Follow TV Tropes

Following

Awesome / John Putnam Thatcher

Go To

  • Thatcher's Screw the Rules, I Have Connections! gambit to secure information about a killer from an airport employee by touting his seat on the airline's board of directors in the first book. And he may have been bluffing about that.
  • Curmudgeonly old trusts officer Everett Gabler can really shine when he contributes to Thatcher's investigations, such as when he tricks the killer into making an incriminating mistake while posing as a house hunter in Pick Up Sticks or when he notices the Absence of Evidence that the police forensic accountants missed in Something in the Air.
  • The arrest of Smug Snake white supremacist Owen Abercrombie after he pulls a gun at an NAACP meeting.
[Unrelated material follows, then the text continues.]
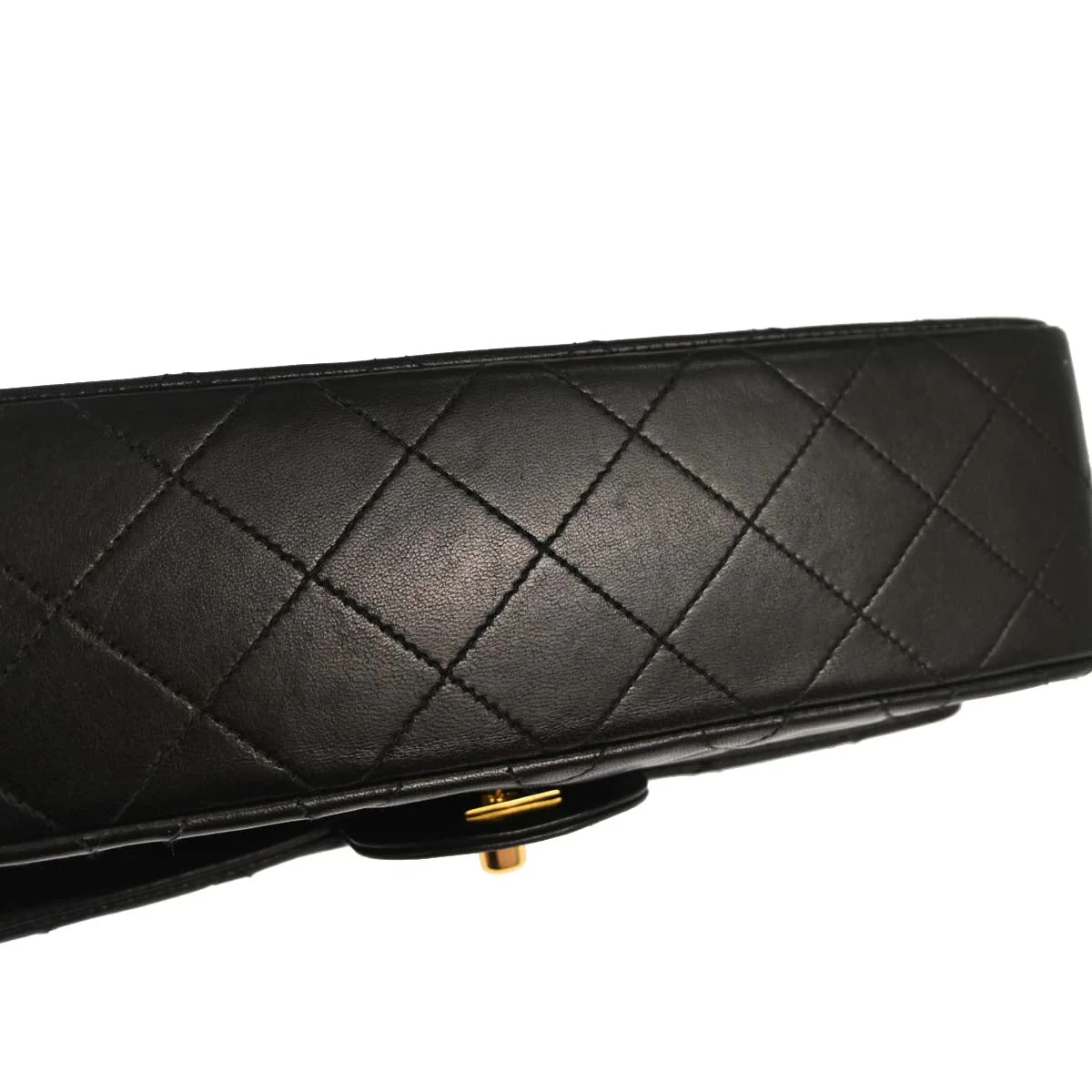 Chanel 1994-1996 Black Lambskin Small Classic Double Flap Shoulder Bag - Image 3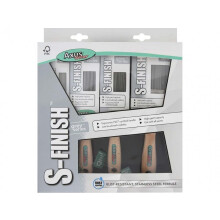 S-Finish Paint Brush (Grey Color) - Set of 4 - (1.5", 2x2", 3") - Eco-friendly Natural Bamboo Handles, Stainless Steel, Synthetic Filaments,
The target of his threats being the one to painful knock the gun out of his hands is icing on the cake.
  • A Badass Bystander decking the fleeing killer in Death Shall Overcome.
  • It can occasionally be hard to tell whether Recurring Character Paul Jackson is a Crusading Lawyer or an Amoral Attorney, but A Stitch in Time and Brewing Up a Storm both have him give less sympathetic opposing parties just enough rope to hang themselves and score a decisive admission or victory that would do Perry Mason proud.
    • In Green Grow the Dollars, Jackson's clients pull this off while he's Locked Out of the Loop during a heated legal battle over which company is responsible for the creation of a revolutionary tomato. Jackson's clients wheel out a tomato tree far more advanced than anything their opponents have and feed delicious samples to everyone involved in the case to prove that they've clearly made advances far ahead of their competitors. Additionally, they did this with just one scientist, a few interns, and a budget that came from their leader mortgaging his house, while the person stealing from them couldn't outpace their progress with the budget and laboratories of a MegaCorp.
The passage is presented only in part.